Selon les Nations unies, des dizaines de localités au Burkina font face aux mêmes conditions que Djibo. Près d'un million de personnes vivent actuellement dans des zones sous blocus, dans le nord ou l'est du pays.
"Au bord de la catastrophe"
Idrissa Badini prend l'exemple d'Arbinda, à l'est de Djibo où des dizaines de milliers de personnes des localités alentours se sont regroupées pour fuir des attaques.
"Les convois terrestres réguliers qui approvisionnaient les populations en vivres et produits de subsistance se sont arrêtés. Depuis deux mois rien n’est rentré à Arbinda.
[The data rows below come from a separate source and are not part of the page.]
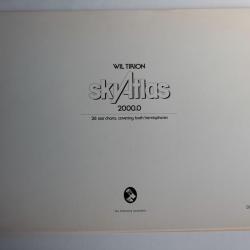 Carte du ciel SkyAtlas 2000.0 Wiltrion 26 cartes 1981 desk edition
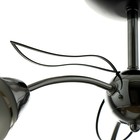 Люстра Светогор "Музыка" 3х60Вт Е27 черный/хром - фото 44378446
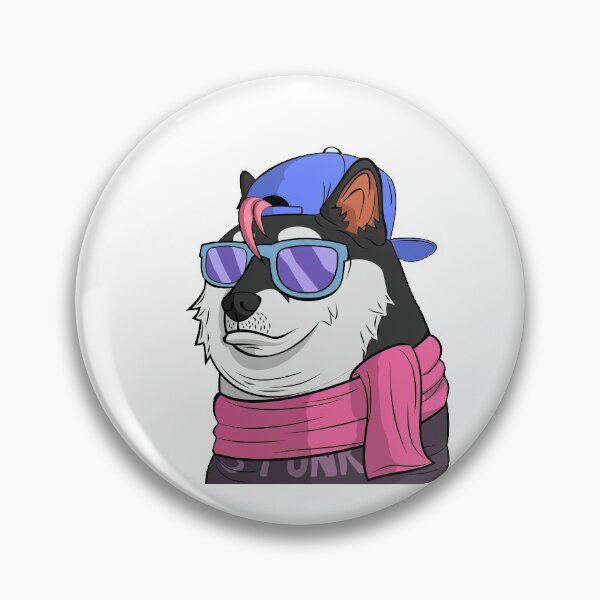Item preview, doggy#7206 Comic Dog  Dogecoin   designed and sold by PetTotem.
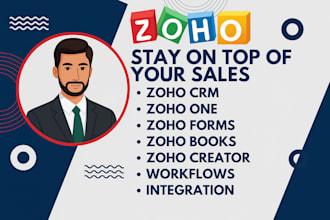do zoho CRM, zoho one, zoho books, setup and customization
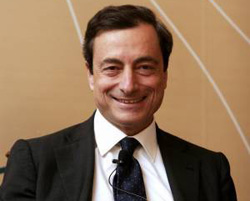 Eurozone ministers back Draghi for ECB president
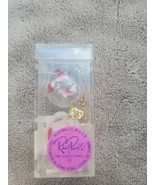 Robert Powell Clear Round with hearts Pierced Dangle Earrings - $13.58 CAD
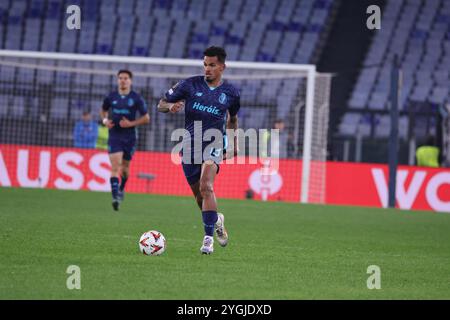 Roma, Latium, ITALIE. 8 novembre 2024. 07/11/2024 Rome, Stadio Olimpico, match de football valable pour Europa League 2024/24 entre SS Lazio vs SSC vs FC Porto. En photo : Galeno de Porto FC (crédit image : © Fabio Sasso/ZUMA Press Wire) USAGE ÉDITORIAL SEULEMENT! Non destiné à UN USAGE commercial ! Banque D'Images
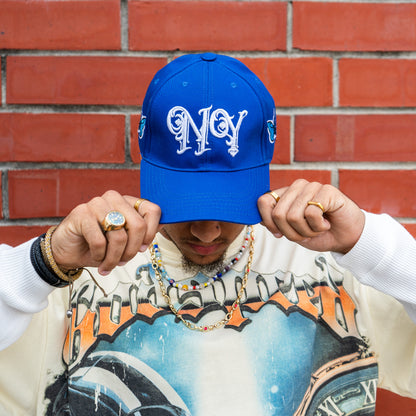 Custom Hat Blue NY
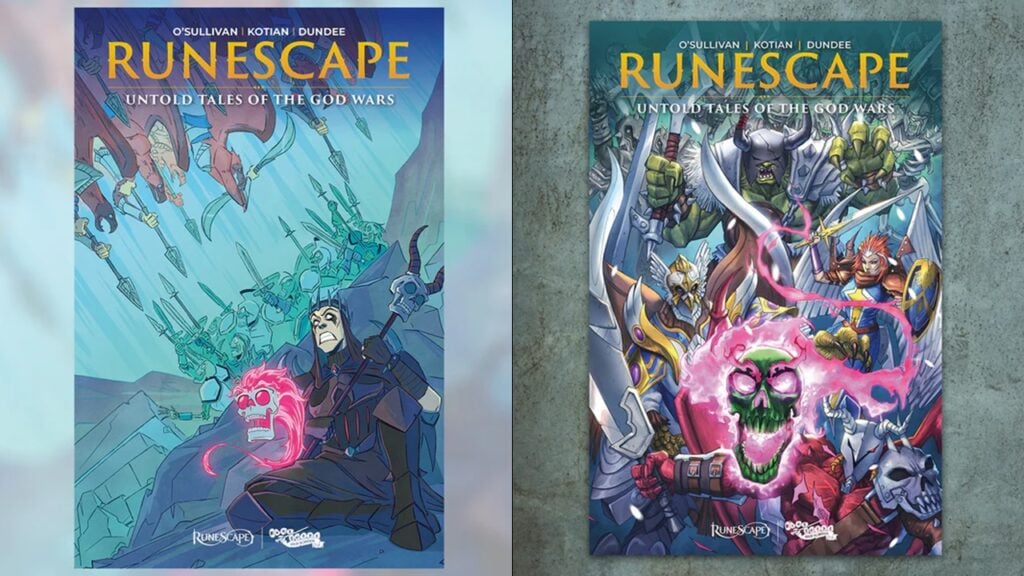 Jagex lance Runescape Stories ‘The Fall of Hallowvale’ et «Untold Tales of the God Wars» comme des livres!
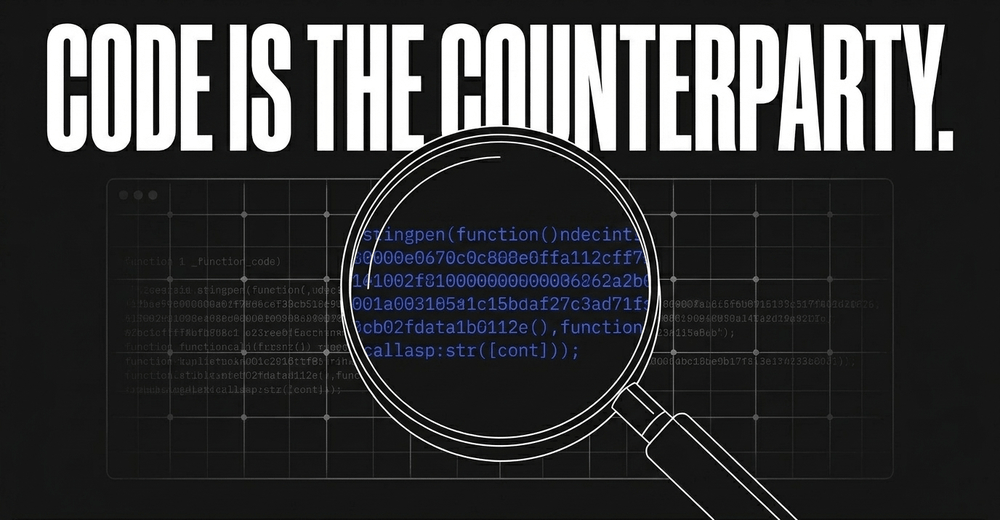 Due diligence shifts from institutional trust to auditing commit hashes, bug bounties, and oracle dependencies.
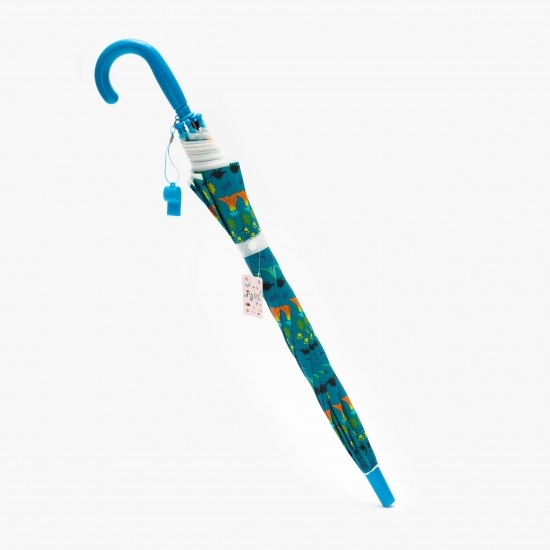 Umbrelă lungă dinozaur, copii, 65cm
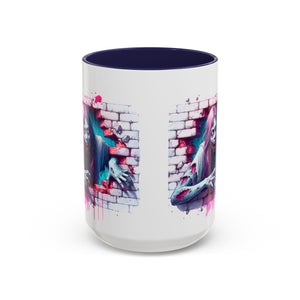 Spooky Zombie Accent Coffee Mug | Halloween Gift, Horror Decor, Unique Coffee Cup, Gothic Style, Zombie Art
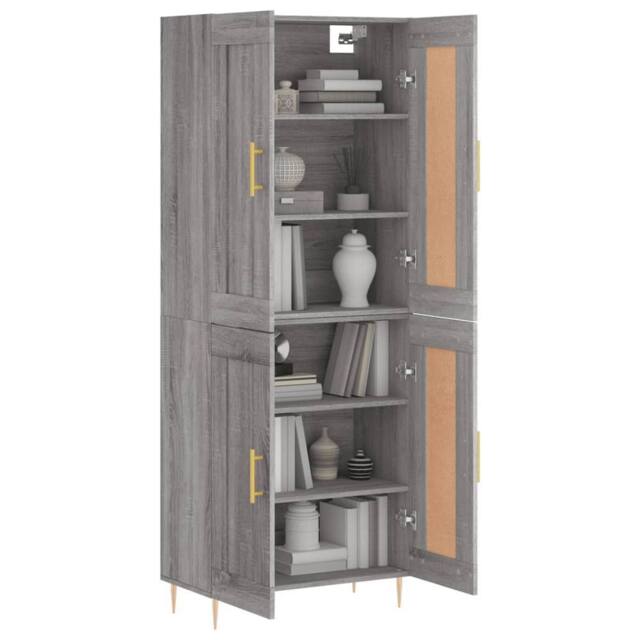 Berkfield Home Highboard Grey Sonoma 69.5x34x180 cm Engineered Wood - image 1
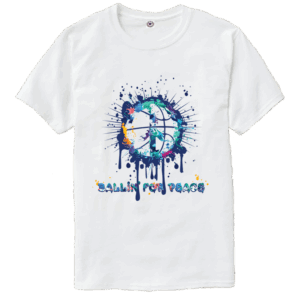 Ballin’ For Peace Blue Drip Unisex T-Shirt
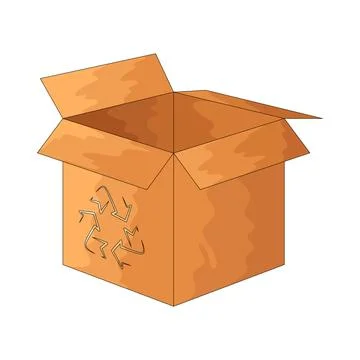 Recycle Box illustration Stock Illustration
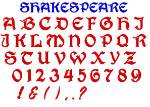 Picture of Shakespeare Embroidery Font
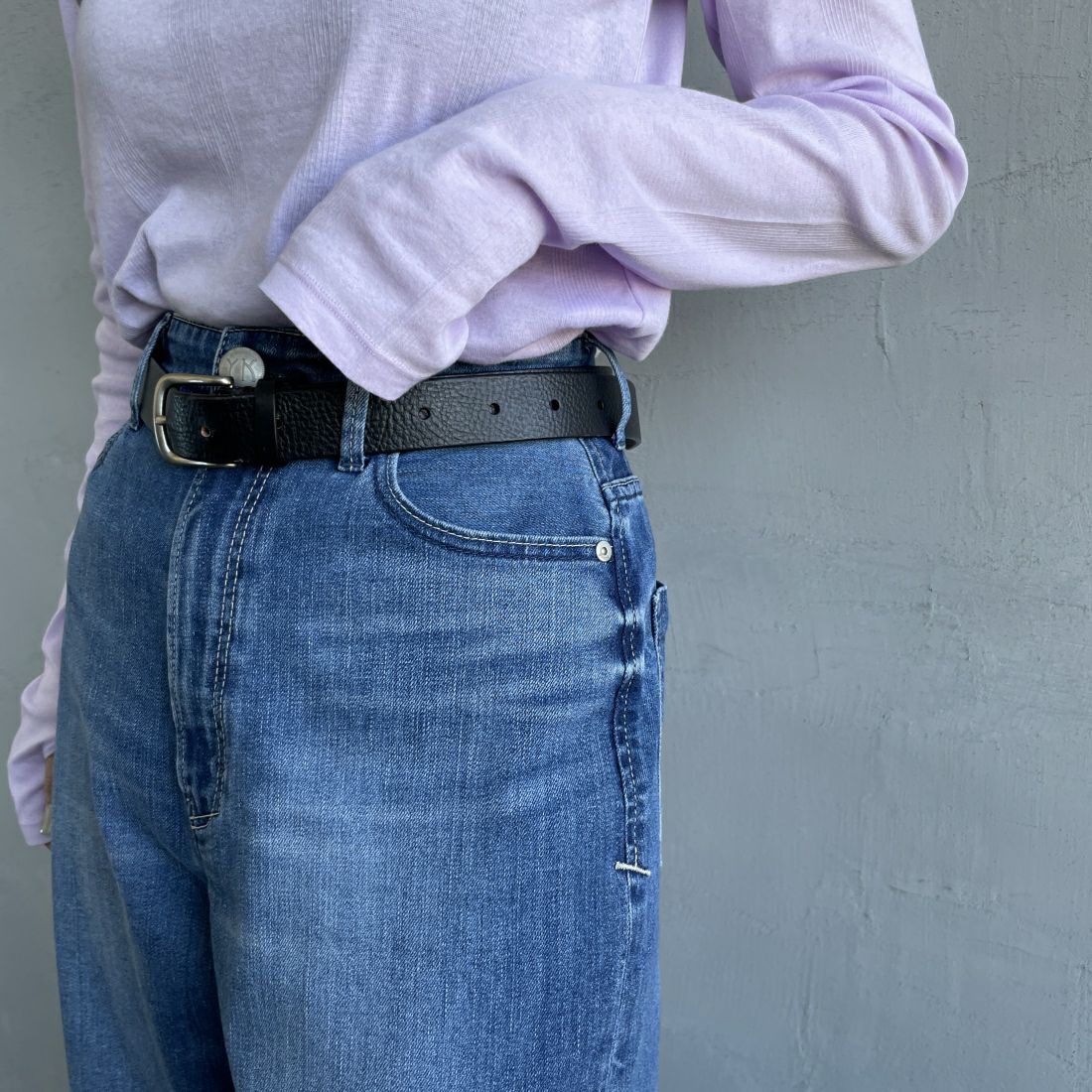 YANUK [ヤヌーク] 別注 JOAN for JEANS FACTORY ルーズストレートデニム [57141513-JF] ALB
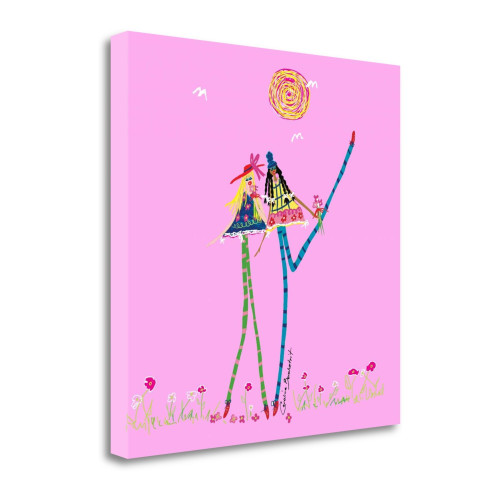 Best Friends 1 Wrapped Canvas Print Living Room Wall Art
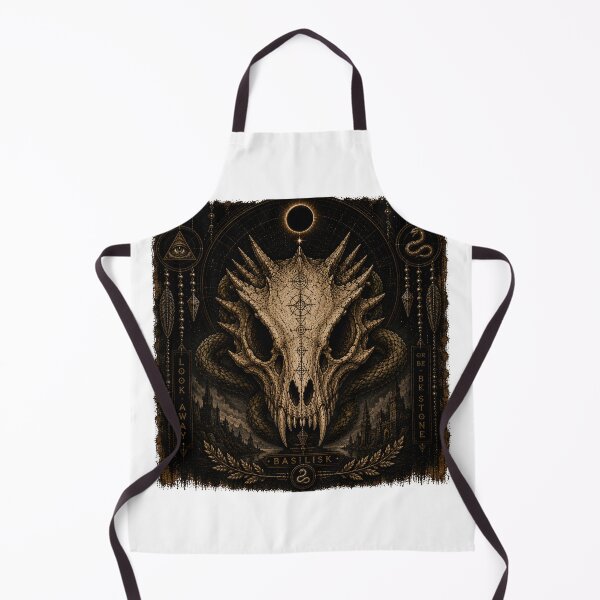 Item preview, Basilisk Skull Celestial Night designed and sold by PatternFly.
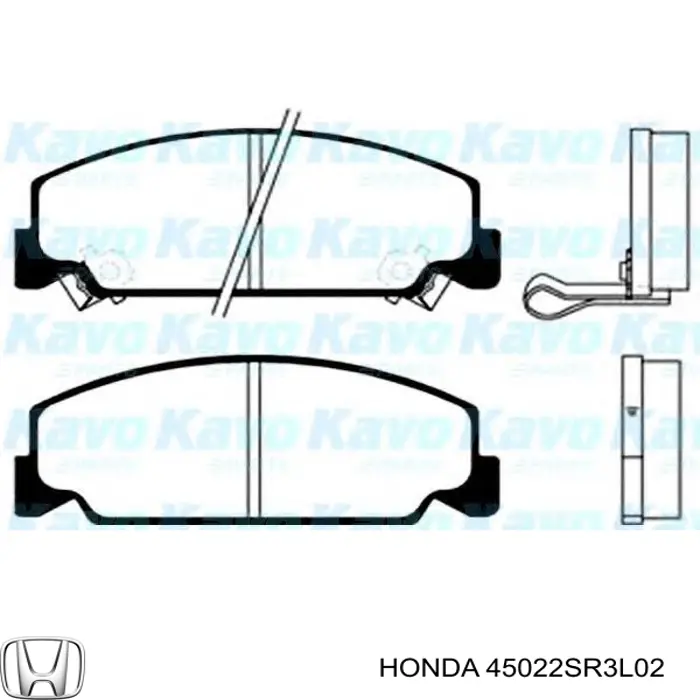 Передние тормозные колодки 45022SR3L02 Honda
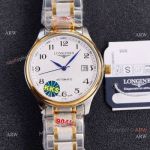 Swiss Quality Longines Master Arabic Dial 2-Tone Watches Citizen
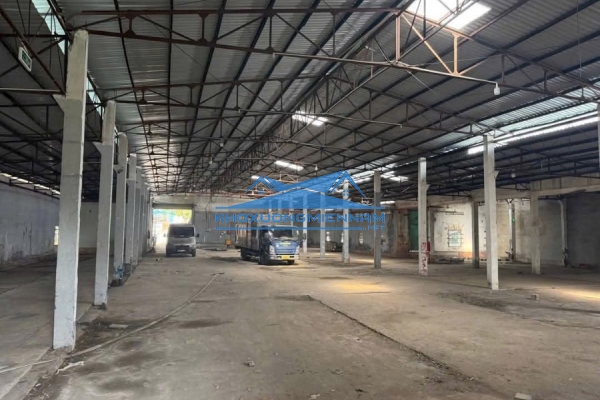 💥💥 Cho thuê Kho Xưởng 1.400m2 Quận 12, TP HCM. Đường xe Container 40f vô tận kho.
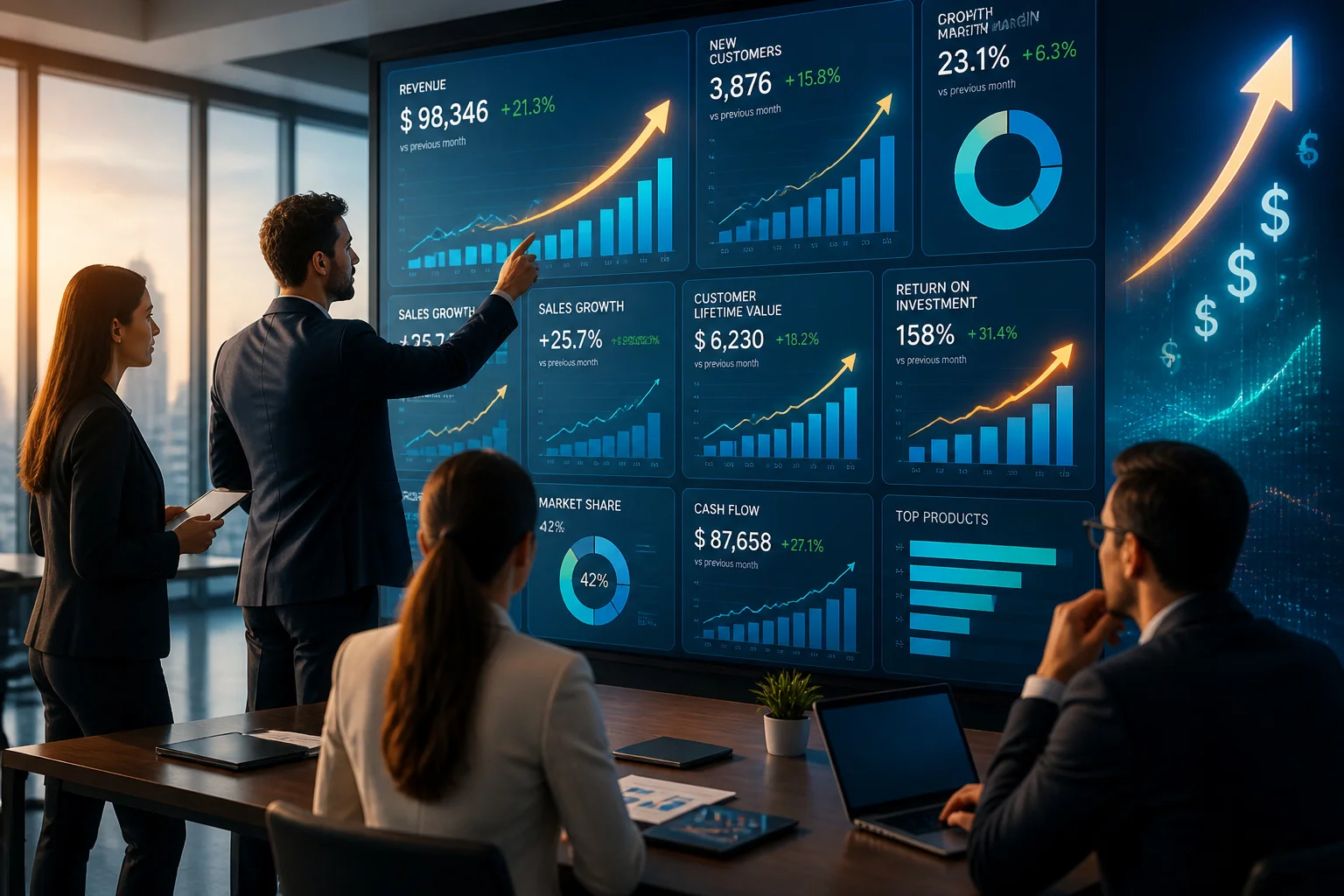 Analyse de performance financiere et de croissance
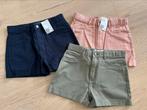 NIEUW: 3 H&M shorts/ korte broeken maat 158, Broek, Meisje, H&M, Nieuw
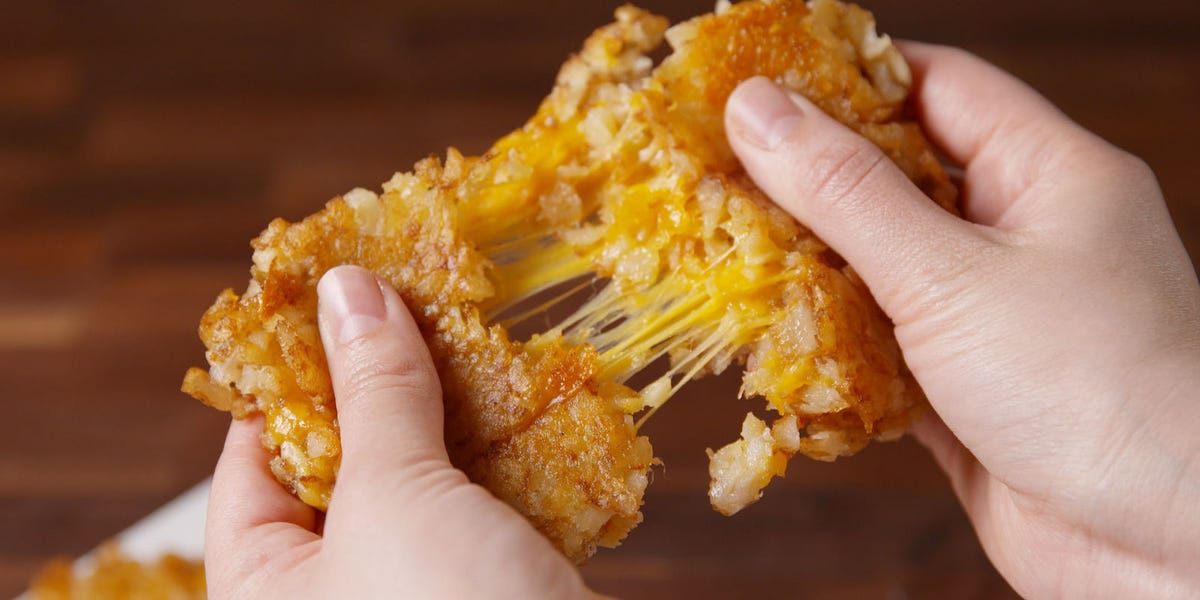 Tater Tot Grilled Cheese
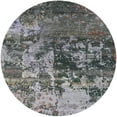 thumbnail image 1 of Ahgly Company Indoor Round Mid-Century Modern Black Oriental Area Rugs, 5' Round, 1 of 6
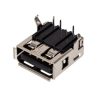 USB-A-S-RA - USB-A aljzat 90° NYÁK-ba - ADAM TECH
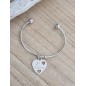 Bracelet jonc "Je t'aime"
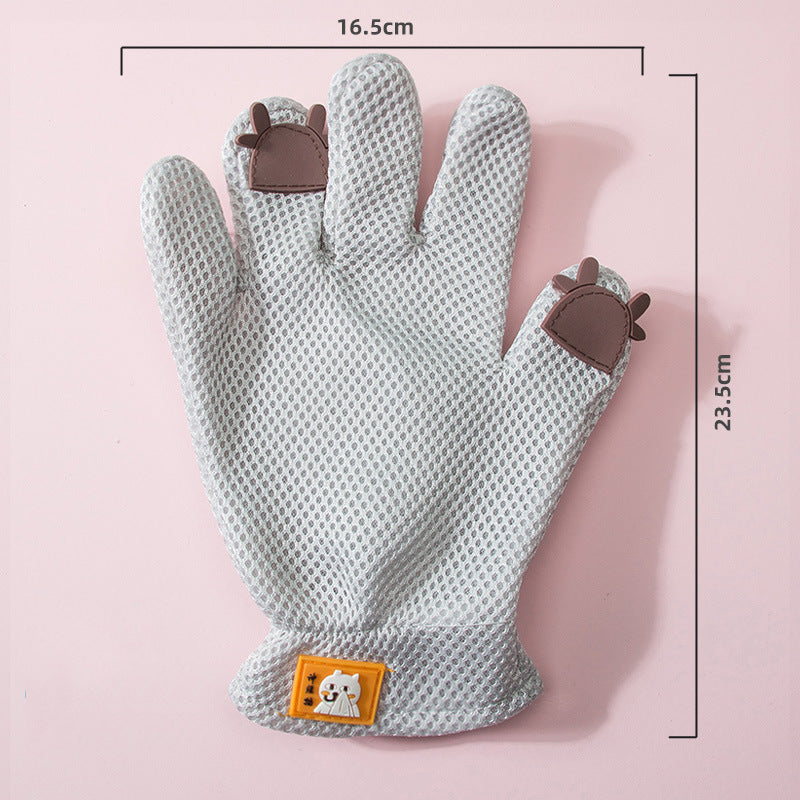 Pet Grooming Gloves – Deshedding & Massage Gloves for Cats & Dogs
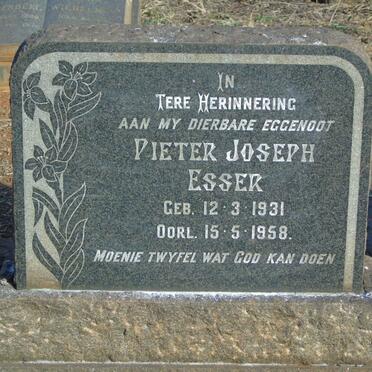 ESSER Pieter Joseph 1931-1958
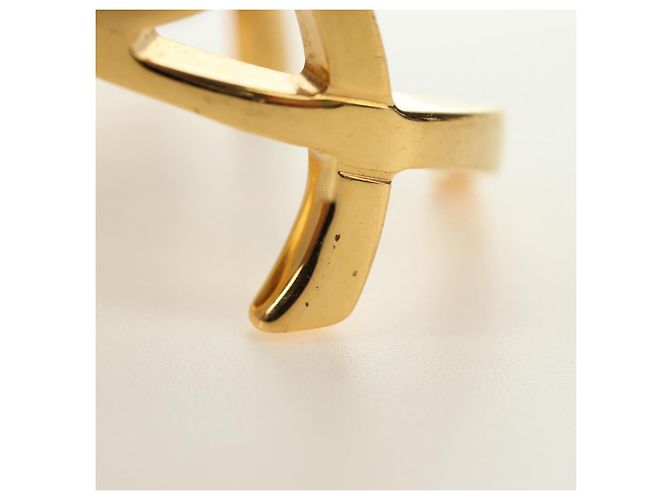 Bracciale SAINT LAURENT Cassandra metallo Gold Auth yk20367M D'oro - vista 7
La population qui a épuisé ses stocks de réserve se trouve au bord de la catastrophe humanitaire", dépeint-il.
Malgré les attaques, les ravitaillements ont récemment repris. Fin octobre, 70 tonnes de céréales ont été transportées par voie aérienne par l’armée dans la ville de Djibo, qui a ensuite été ravitaillée par voie terrestre les 2 et 3 novembre avec plus de 300 tonnes de vivres, selon l’état-major. Sept mines avaient été désamorcées sur le trajet.
"On a pu ravitailler certains villages mais d’autres pas encore", a reconnu le capitaine Traoré. Selon le Programme alimentaire mondial (PAM), près de 3,5 millions de personnes auront besoin d'une aide alimentaire d'urgence dans les mois à venir au Burkina.